But Libyans at the scene were clearly angry and held up chunks of what appeared to be missile parts and shrapnel, and chanted pro-Qaddafi slogans. The strike capped a day when Qaddafi vowed to wage a “long war, [with] patience that has no limits.”
'Where's the protection?'
Anger was also evident earlier in the day at a funeral turned pro-regime rally in Tripoli for more than two dozen killed in the first night of strikes. Family members wept for an infant and a man in his late 20s, whom family members said were killed during some of the 112 Tomahawk cruise missile strikes conducted on the first night.
Mohammed Salim said his 3-month-old niece Siham Tabib was killed when at home near a military base in the Tajura district. His fingers were covered with dirt after completing the concrete cover over the small grave, which was marked with three carnations – white, pink, and red – and a strip of green cloth.
Two dozen soldiers were also meant to be buried but were never brought to the cemetery on the shore above the Mediterranean Sea. Virtually no mourning family members were evident among those waving green Libyan flags and holding posters of Qaddafi.
They fiercely criticized France and the US as leaders of the military effort to use “all necessary means” – the mandate of the UN Security Council resolution – to protect Libyan civilians from Qaddafi’s recapture of rebel-held territory.

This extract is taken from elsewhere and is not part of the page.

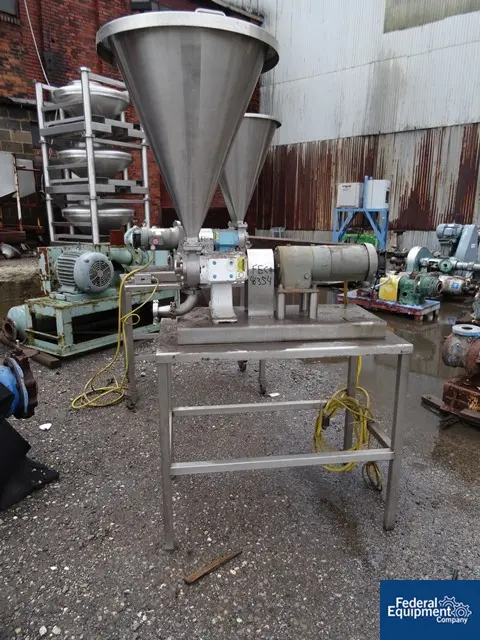 Waukesha #34, Stainless Steel Rotary Lobe Pump, 2" x 8" rect.feed open.w/S/S feed hopper, 1.5" bottom disch - Image 1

“We see lots of people die and people ask why,” said Firas, a thick-bearded young man in bare feet who was waiting to take part in the burial. The Americans, Europeans and Arab allies “say they came to protect the people. Where’s the protection?”
“This is all our family, our [Libyan] blood is the same blood,” said another man among the hundreds at the cemetery, who identified himself only as a “citizen.” “We need outside governments to stop this war.”